Читаем Гагаи том 1 полностью

— Что это вы читаете? — Взял книгу в руки, взглянул на титульный лист. — О «Крейцерова соната»! Потрясающая вещь! — Прочел эпиграф: — «А я говорю вам, что всякий, кто смотрит на женщину с вожделением, уже прелюбодействовал с нею в сердце своем...» — Взглянул на Фросю: — Мудро? Между прочим, продолжая эту мысль, святой Матфей предлагает: «Если правый глаз твой соблазняет тебя, вырви его и брось от себя, ибо лучше для тебя, чтобы погиб один из членов твоих, а не все тело твое было ввержено в геенну», — процитировал он по памяти. — Вот так религия, которую вы, Ефросинья Васильевна, ставите ни во что, воюет за добродетель, целомудрие, за добропорядочность в человеческих отношениях. Очевидно, Толстой не случайно обратился к евангелию, хотя порой и неверно толковал его изречения. Помните, как он отстаивал безбрачие?.. В этом несомненно впечатляющем сочинении с особой силой проявилась авторская непоследовательность.

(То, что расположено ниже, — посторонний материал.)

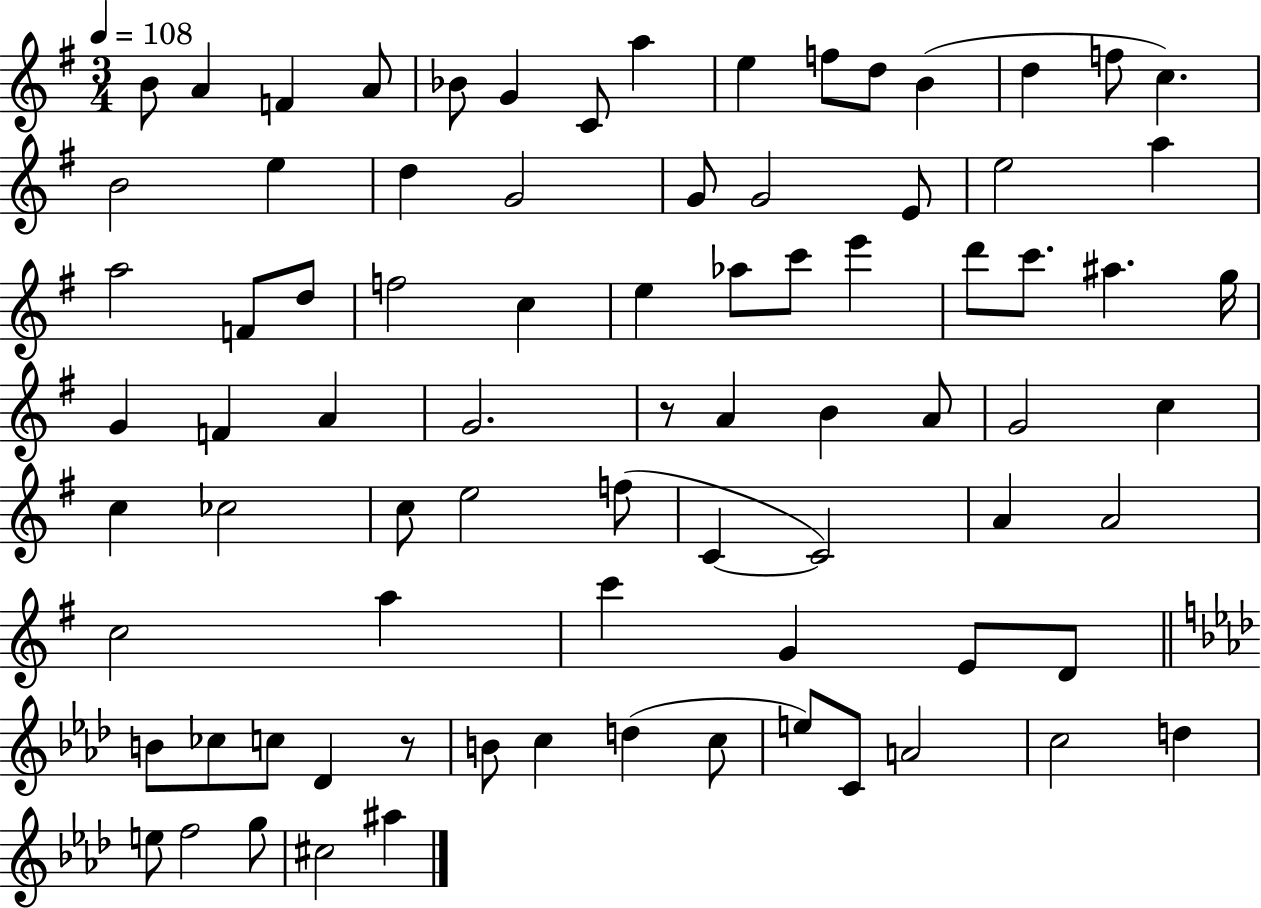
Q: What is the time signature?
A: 3/4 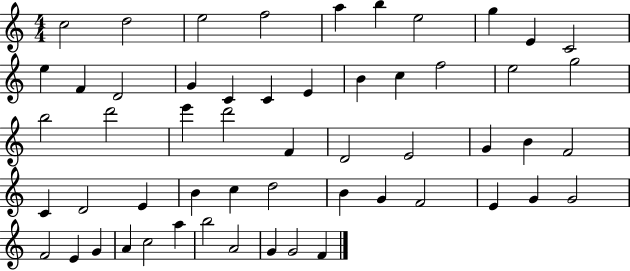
C5/h D5/h E5/h F5/h A5/q B5/q E5/h G5/q E4/q C4/h E5/q F4/q D4/h G4/q C4/q C4/q E4/q B4/q C5/q F5/h E5/h G5/h B5/h D6/h E6/q D6/h F4/q D4/h E4/h G4/q B4/q F4/h C4/q D4/h E4/q B4/q C5/q D5/h B4/q G4/q F4/h E4/q G4/q G4/h F4/h E4/q G4/q A4/q C5/h A5/q B5/h A4/h G4/q G4/h F4/q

— Не догадываетесь, почему так произошло?

— А вам это тоже бросилось в глаза? Мне думается, объяснить такую путаницу в мыслях великого человека нетрудно. Граф Толстой несколько переоценил свои силы и возможности. Смертному, пусть у него даже семь пядей во лбу, не дано постичь всю мудрость и глубину учения Христа. Ему надо было сказать «верую», как говорят все православные. А он усомнился в божеских истинах, попытался ревизовать их и стал жертвой своей гордыни.

— Нет, — возразила Фрося, — все обстоит гораздо проще. Беда его в том, что вступил в полемику с непоследовательным, противоречивым сочинением — евангелием. Одна непоследовательность вызвала другую.

— С вами так же трудно спорить, как и с упрямым графом, — полушутя-полусерьезно проговорил отец Феодосий.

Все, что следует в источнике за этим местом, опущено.